Analysis of scaling problems in build systems
My post SCons is full of win today triggered some interesting feedback on scaling problems in SCons. In response to anecdotal assertions that SCons is unusably slow on large projects, I argued that build systems in general must scale poorly if they are to enforce correctness. Subsequently, I received a pointer to a very well executed empirical study of SCons performance to which I replied in the same fashion.
In this post, I intend to conduct a more detailed analysis of algorithmic requirements and complexity in an idealized build system, and demonstrate the implied scaling laws more rigorously. I will also investigate tradeoffs between correctness and performance using the same explanatory framework.
An idealized build system begins work with four inputs: a set of objects, a rule forest, a set of rule generators, and a build state. I will describe each in turn.

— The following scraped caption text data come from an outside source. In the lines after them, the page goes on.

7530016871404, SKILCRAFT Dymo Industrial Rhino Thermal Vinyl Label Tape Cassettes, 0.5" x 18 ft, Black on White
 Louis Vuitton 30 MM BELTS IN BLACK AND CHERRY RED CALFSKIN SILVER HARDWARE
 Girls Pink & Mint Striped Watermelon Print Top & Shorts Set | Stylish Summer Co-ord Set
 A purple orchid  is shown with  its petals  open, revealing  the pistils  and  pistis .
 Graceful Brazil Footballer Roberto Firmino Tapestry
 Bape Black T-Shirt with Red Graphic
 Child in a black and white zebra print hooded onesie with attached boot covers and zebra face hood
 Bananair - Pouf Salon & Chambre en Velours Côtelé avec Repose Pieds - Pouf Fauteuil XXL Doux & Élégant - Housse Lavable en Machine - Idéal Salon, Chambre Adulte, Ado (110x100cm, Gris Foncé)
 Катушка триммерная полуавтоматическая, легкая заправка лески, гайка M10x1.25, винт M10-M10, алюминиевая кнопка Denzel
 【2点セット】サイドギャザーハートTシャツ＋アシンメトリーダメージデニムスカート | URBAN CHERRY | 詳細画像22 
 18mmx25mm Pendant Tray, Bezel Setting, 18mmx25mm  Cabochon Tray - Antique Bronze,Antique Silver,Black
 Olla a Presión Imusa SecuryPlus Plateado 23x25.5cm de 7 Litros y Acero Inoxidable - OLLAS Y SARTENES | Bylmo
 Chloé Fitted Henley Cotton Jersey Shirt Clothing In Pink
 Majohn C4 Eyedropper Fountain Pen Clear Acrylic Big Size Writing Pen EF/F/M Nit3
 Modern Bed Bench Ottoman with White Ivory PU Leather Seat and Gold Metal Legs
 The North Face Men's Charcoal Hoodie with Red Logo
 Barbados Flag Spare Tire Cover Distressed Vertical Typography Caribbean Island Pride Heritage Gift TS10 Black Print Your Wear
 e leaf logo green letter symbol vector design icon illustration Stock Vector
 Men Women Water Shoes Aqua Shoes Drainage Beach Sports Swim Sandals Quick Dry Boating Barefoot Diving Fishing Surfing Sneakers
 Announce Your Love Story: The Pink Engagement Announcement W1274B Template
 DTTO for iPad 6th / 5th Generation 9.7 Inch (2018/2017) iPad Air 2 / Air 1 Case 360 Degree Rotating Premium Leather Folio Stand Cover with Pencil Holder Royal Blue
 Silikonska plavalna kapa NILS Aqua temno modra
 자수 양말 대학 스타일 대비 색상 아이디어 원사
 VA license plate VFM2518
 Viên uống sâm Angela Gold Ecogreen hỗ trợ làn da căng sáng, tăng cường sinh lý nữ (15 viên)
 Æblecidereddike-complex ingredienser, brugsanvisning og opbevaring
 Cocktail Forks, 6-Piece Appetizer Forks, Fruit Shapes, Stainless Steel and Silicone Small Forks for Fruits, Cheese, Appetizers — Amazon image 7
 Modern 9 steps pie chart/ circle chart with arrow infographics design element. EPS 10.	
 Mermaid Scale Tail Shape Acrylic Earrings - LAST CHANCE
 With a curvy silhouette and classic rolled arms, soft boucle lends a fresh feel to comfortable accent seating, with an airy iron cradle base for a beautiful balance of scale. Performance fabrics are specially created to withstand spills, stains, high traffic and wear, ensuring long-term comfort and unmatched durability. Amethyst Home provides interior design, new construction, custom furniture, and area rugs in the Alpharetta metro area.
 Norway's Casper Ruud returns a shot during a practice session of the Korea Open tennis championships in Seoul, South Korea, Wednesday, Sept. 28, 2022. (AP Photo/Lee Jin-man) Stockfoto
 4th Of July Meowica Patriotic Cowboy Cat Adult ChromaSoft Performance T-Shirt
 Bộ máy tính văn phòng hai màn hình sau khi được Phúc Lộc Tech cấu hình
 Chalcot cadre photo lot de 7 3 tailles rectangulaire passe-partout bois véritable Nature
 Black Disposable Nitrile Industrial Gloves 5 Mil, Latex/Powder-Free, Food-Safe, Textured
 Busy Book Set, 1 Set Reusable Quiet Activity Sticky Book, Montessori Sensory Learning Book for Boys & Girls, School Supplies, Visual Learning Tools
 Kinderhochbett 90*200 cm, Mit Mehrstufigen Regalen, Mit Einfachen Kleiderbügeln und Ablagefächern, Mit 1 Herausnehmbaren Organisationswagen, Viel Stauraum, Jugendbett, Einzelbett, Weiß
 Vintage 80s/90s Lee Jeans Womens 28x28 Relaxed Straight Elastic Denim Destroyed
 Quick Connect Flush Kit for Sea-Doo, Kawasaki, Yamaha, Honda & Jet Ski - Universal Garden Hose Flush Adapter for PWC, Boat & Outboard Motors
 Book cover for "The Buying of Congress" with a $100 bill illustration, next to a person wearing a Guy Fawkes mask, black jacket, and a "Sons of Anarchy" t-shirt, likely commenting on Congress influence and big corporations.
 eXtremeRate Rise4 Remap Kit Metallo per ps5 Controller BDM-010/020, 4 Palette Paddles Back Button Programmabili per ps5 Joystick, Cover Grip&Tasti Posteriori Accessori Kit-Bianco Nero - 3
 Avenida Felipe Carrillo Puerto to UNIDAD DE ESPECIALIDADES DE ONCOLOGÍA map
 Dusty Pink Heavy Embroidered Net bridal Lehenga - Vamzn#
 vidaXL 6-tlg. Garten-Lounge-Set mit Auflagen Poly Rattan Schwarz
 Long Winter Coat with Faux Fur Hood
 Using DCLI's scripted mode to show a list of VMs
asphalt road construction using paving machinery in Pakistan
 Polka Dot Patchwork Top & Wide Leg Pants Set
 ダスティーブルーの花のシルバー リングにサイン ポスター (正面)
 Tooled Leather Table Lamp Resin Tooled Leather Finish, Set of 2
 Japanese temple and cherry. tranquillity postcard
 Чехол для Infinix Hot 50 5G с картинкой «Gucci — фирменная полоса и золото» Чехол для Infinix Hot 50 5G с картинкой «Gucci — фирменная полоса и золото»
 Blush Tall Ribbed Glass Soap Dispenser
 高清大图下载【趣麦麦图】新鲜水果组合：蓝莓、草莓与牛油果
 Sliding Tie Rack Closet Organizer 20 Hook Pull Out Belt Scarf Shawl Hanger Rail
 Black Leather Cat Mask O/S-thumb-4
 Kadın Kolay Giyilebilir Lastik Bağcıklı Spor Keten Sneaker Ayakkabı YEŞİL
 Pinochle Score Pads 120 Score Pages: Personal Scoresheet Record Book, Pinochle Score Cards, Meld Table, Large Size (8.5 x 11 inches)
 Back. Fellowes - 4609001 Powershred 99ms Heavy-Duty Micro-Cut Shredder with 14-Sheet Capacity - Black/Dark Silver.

An object is any input to or product of the build – typically a source or object file in a compiled language, but also quite possibly a document master in some markup format, or a rendered version of such a document, or even the content of a timestamped entry in some database. Each object has two interesting properties: its unique name and a version stamp. The version stamp may be a timestamp or an implied content hash.
A rule forest is a set of rules that connect objects to each other. Each rule enumerates a set of source objects, a set of target objects, and a procedure for generating the latter from the former. A build system begins with a set of explicit rules (which may be empty).
A rule generator is a procedure for inspecting objects to add rules to the forest. For example, we typically want to inspect C source files and add for each one a rule making the corresponding compiled object dependent on the C source and any header files it includes that are in the set of source objects.
A build state is a boolean relation on the set of objects. The value of the relation is true if the right-hand object is out-of-date with respect to the left-hand object. In some systems, the build state is implied by comparing object timestamps. In others, the build system records a mapping of of source-object names to version stamps for each derived object, and considers a derived object to be out of date with respect to any source name for which the current hash currently fails to match the recorded one.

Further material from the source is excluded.